I always thought ‘werk stadig’ meant ‘work steadily’ but it seems a more accurate translation would be ‘work slowly’. Whichever way: for several years now I have been working steadily, or slowly, through a process of learning the SuperCollider programming language. This composition is to some extent a study in that language: yet another attempt to use livecoding approaches as a means to develop a fixed piece. New ideas in this work include FFT as a means of cleaning up the original recording, and the use of a Routine to script JITLib objects in time.

Interview at Sheffield Algorave

A short interview that Reverb Magazine did with me at the Sheffield Algorave 01/09/2018 – talking about combining livecoding, gamelan samples, and trumpet playing.

Raving the netbook again

Once again happily proving to myself how possible it is to work with open-source software on basic hardware. Just upgraded to Ubuntu Studio 18.04 on a refurb 11″ Dell Inspiron netbook, and built SuperCollider 3.9.3 from source. Here’s an algorave-ish test track made using this setup:

https://clyp.it/5d3lo4na

Some new code idioms:

Plazy({Pseq((0..15).scramble,4)}).repeat(inf)

is easier to type than

Pn(Plazy({Pseq((0..15).scramble,4)}))

and similarly

Pseq([2,6,4,7],inf).stutter(32)

instead of

Pstutter(32, Pseq([2,6,4,7],inf))

also

Pseq((0..15).scramble,inf).clump(3)

 

Livecoding Erraid

watching sunset from the observatory

On a number of occasions I have used sounds collected at a particular location as a coherent set of resources for a livecoded set. For the last week I’ve been in retreat on with the community on the isle of Erraid, which has been a welcome break from the city!

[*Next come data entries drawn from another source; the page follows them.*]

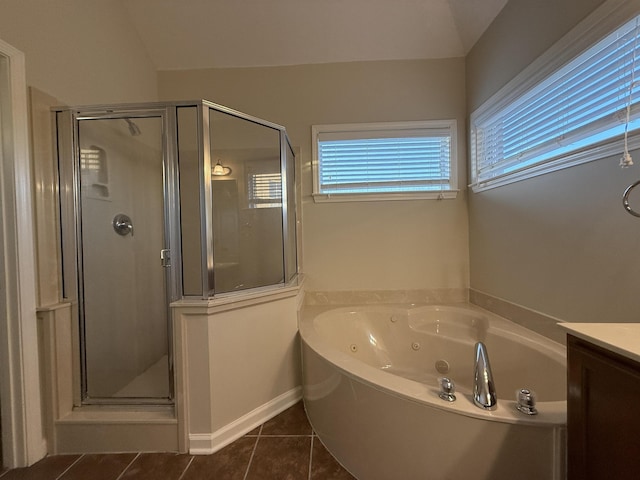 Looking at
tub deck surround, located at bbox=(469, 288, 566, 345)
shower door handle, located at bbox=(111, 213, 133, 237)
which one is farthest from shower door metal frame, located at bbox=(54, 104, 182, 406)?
tub deck surround, located at bbox=(469, 288, 566, 345)

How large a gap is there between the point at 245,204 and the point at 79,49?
1.31m

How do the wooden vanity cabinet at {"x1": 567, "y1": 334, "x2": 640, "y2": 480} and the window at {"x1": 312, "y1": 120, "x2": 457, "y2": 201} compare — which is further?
the window at {"x1": 312, "y1": 120, "x2": 457, "y2": 201}

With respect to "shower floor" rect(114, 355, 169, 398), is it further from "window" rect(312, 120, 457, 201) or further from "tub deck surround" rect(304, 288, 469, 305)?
"window" rect(312, 120, 457, 201)

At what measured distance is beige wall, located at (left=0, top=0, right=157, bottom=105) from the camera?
4.55 feet

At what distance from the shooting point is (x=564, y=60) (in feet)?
4.48

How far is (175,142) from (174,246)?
23.3 inches

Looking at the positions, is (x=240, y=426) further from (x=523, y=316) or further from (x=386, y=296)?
(x=523, y=316)

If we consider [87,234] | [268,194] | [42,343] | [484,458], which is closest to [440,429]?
[484,458]

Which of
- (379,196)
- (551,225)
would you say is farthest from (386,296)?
(551,225)

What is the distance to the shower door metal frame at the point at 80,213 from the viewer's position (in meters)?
1.56

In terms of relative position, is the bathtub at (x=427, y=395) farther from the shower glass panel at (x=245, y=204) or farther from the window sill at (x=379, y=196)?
the window sill at (x=379, y=196)

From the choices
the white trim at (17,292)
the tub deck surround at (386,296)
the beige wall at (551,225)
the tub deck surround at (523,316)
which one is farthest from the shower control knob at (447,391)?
the white trim at (17,292)

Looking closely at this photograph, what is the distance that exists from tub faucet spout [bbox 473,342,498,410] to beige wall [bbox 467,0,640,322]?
0.66 meters

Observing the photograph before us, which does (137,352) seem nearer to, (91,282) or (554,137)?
(91,282) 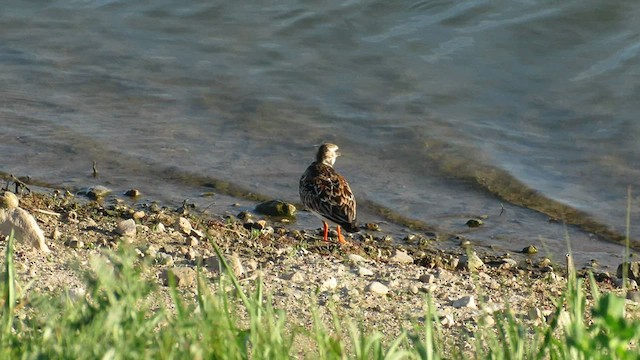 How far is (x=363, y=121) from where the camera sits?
39.6ft

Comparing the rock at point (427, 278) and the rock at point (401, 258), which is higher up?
the rock at point (427, 278)

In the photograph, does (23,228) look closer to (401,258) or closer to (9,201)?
(9,201)

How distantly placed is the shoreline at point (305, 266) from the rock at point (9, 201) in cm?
10

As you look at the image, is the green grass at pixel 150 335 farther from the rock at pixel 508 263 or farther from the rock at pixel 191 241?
the rock at pixel 508 263

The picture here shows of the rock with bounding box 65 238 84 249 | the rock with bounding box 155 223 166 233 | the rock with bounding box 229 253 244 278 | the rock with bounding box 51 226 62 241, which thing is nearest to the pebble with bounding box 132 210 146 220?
the rock with bounding box 155 223 166 233

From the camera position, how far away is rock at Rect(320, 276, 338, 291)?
6723 millimetres

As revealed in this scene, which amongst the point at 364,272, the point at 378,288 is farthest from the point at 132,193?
the point at 378,288

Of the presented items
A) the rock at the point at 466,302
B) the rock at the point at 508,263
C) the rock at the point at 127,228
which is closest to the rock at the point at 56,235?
the rock at the point at 127,228

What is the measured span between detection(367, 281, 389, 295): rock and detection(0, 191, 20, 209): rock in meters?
2.74

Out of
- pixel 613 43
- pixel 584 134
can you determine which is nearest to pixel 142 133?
pixel 584 134

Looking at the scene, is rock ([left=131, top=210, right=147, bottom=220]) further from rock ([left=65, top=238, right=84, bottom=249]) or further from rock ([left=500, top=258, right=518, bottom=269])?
rock ([left=500, top=258, right=518, bottom=269])

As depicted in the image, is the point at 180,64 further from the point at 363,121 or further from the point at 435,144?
the point at 435,144

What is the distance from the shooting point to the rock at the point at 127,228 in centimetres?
778

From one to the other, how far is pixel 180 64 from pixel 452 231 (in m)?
5.15
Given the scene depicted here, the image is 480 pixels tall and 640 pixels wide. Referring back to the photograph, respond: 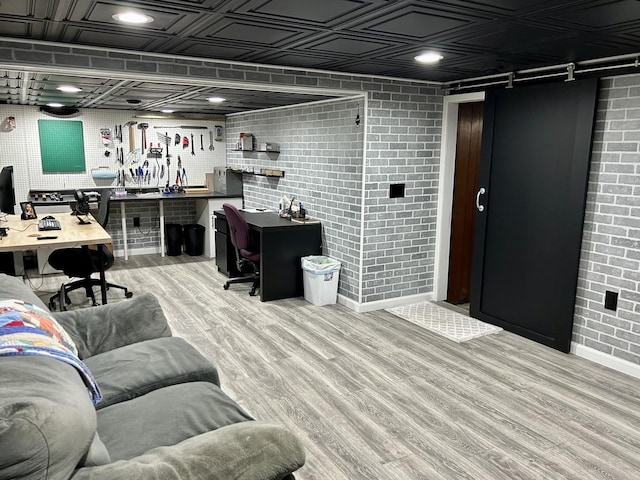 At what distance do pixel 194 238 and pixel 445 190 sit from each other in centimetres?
372

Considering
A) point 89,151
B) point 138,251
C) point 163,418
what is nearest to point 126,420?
point 163,418

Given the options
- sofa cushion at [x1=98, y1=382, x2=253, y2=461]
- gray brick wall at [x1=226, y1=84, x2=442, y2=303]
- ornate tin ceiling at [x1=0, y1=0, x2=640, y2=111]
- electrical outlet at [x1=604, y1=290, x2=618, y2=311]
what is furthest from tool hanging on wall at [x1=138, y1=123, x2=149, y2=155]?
electrical outlet at [x1=604, y1=290, x2=618, y2=311]

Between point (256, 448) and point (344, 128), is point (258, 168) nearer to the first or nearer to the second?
point (344, 128)

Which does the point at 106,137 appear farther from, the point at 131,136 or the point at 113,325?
the point at 113,325

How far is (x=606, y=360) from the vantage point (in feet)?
11.4

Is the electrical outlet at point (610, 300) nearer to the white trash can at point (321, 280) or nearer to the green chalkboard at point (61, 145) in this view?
the white trash can at point (321, 280)

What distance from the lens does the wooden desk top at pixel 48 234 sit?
3.79m


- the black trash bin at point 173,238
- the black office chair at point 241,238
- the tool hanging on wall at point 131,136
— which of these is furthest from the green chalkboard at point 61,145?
the black office chair at point 241,238

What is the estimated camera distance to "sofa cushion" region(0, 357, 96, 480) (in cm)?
116

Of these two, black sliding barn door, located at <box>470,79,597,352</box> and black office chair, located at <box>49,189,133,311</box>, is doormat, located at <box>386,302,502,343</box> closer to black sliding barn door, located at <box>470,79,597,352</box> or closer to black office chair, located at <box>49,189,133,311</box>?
black sliding barn door, located at <box>470,79,597,352</box>

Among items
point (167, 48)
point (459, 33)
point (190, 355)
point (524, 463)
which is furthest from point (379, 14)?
point (524, 463)

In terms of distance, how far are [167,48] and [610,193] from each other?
3150 mm

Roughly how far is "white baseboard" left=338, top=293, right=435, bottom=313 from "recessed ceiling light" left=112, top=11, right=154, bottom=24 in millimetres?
3051

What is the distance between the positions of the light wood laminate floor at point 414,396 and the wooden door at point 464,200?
95 cm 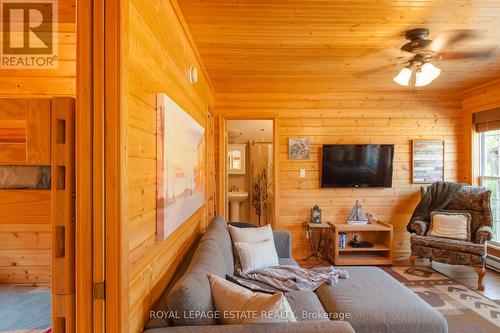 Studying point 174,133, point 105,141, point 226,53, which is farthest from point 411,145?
point 105,141

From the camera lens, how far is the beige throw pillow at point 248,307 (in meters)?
1.33

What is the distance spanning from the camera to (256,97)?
4.32 metres

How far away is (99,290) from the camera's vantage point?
1.10m

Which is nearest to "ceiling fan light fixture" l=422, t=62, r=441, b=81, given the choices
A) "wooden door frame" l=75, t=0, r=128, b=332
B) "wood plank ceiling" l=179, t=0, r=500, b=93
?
"wood plank ceiling" l=179, t=0, r=500, b=93

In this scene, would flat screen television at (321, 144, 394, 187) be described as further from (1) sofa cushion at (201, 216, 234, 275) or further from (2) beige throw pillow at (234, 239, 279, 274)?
(1) sofa cushion at (201, 216, 234, 275)

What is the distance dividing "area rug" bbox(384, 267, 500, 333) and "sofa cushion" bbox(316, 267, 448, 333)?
83cm

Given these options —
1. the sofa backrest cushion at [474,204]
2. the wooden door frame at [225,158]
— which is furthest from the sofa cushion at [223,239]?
the sofa backrest cushion at [474,204]

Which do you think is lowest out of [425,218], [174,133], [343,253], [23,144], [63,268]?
[343,253]

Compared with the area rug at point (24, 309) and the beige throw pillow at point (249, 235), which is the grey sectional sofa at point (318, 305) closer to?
the beige throw pillow at point (249, 235)

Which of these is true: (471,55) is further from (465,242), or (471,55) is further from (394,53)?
(465,242)

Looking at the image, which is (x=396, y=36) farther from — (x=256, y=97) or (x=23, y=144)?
(x=23, y=144)

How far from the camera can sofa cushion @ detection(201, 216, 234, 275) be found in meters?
2.29

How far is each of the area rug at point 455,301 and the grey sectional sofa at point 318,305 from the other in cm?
86

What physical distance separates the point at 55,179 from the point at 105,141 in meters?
0.26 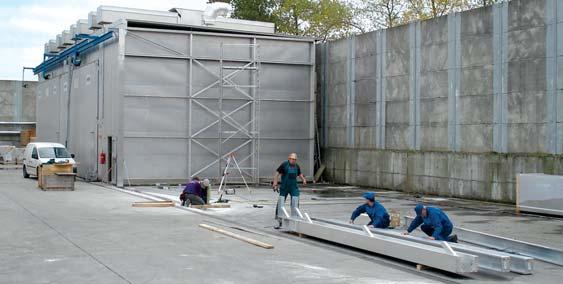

One of the features of the island is the ‘observatory’. This is a circular tin structure, about two meters across by three high: a restored remnant of the building of the Dubh Artach lighthouse that took place there between 1867 and 1872.

The sound world inside this unusual structure is distinctive. I took some recordings (available on freesound.org, or they will be once the finish uploading), that I am going to be using in a livecoded SuperCollider improvisation this Monday during one of the Sonic Nights series at the Royal Conservatoire of Scotland, where staff and students diffuse new electroacoustic works on a multi-channel sound system. If it seems practical, I may stream the performance as well.

Not algorave

I’m interested in now taking the SuperCollider livecoding techniques that I’ve developed in the context of algorave and applying them to the creation of fixed media sound works. Here is one, using some prepared piano samples that Dr Kurt James Werner has been kind enough to put online.

It’s not perfect: there is still a strong element of improvisation in this way of working, and there are places in this track where, on listening back, I might have wished to have performed differently. A compromise, perhaps, between the raw and the cooked.